(c) Melanie Scholze-Simmel

Rabenstein, 23. Mai 2018 – Im Rahmen des Steuerungsgruppentreffens wurden Ergebnisse, die aus den Befragungen mit Jugendlichen und anderen ExpertInnen der Region erhoben wurden, im Veranstaltungssaal der Gemeinde Rabenstein (GUK) präsentiert. Die brisanten Themen der Jugendlichen sind: Mobilität, Arbeiten, Wohnen und sozialer Zusammenhalt im Pielachtal.

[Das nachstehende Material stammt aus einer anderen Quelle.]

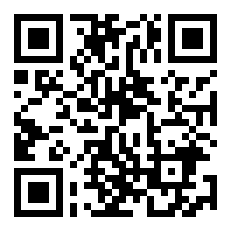 最强蜗牛12月10日密令是什么 领略顶级思路的世界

Erweiterte Steuerungsgruppe
Das dritte Steuerungsgruppentreffen stand ganz im Zeichen, umso mehr Mitgestalter desto besser. Jede Teilnehmerin oder jeder Teilnehmer konnte interessierte Personen aus dem Bekanntenkreis mitbringen. Die TeilnehmerInnen wurden von Andrea Nagy, Christina Engel-Unterberger, Jelena Hrvacanin und Christoph Ebner von der Fachhochschule St. Pölten durch den Workshop geführt. Die Steuerungsgruppe entwickelte nach der Präsentation der bisherigen Ergebnisse, Visionen und erste Umsetzungsschritte für eine bessere Lebensqualität für Jugendliche in der Region. Wünsche und Vorhaben unter anderem von Jugendlichen für die Jugend im Tal wurden definiert.

So geht es weiter – Online Umfrage
Weitere Begehungen von Hot Spots, wo das Gespräch zu Jugendlichen gesucht werden sowie eine Online-Umfrage sind geplant.

Hier geht es zur Online-Umfrage entweder dem Link folgen: https://jugendstudie.questionpro.eu

Erarbeitet wird die Jugendstudie vom Ilse-Arlt-Institut für Soziale Inklusionsforschung der FH St. Pölten. Die Ergebnispräsentation ist für September 2018 vorgesehen.

Jugendstudie konkret
Die Jugendstudie Pielachtal als Sozialraumanalyse wurde letztes Jahr im September 2017 gestartet. Die Jugendstudie soll Auskunft über die Anliegen, Bedürfnisse und Probleme der Jugendlichen im Pielachtal geben und Handlungsempfehlungen für eine bessere Lebensqualität der Jugendlichen im Tal, ableiten. Zielgruppe der Studie sind Jugendliche im Alter von 10 bis 24 Jahren. Die Jugendstudie bezieht die unterschiedlichen Perspektiven der Jugendlichen, Jugendlichen, der Erwachsenen und der Bürgermeister mit ein. Der Fonds für Kleinregionen vom Amt der NÖ Landesregierung, Abteilung Raumordnung und Regionalpolitik unterstützt das Projekt finanziell.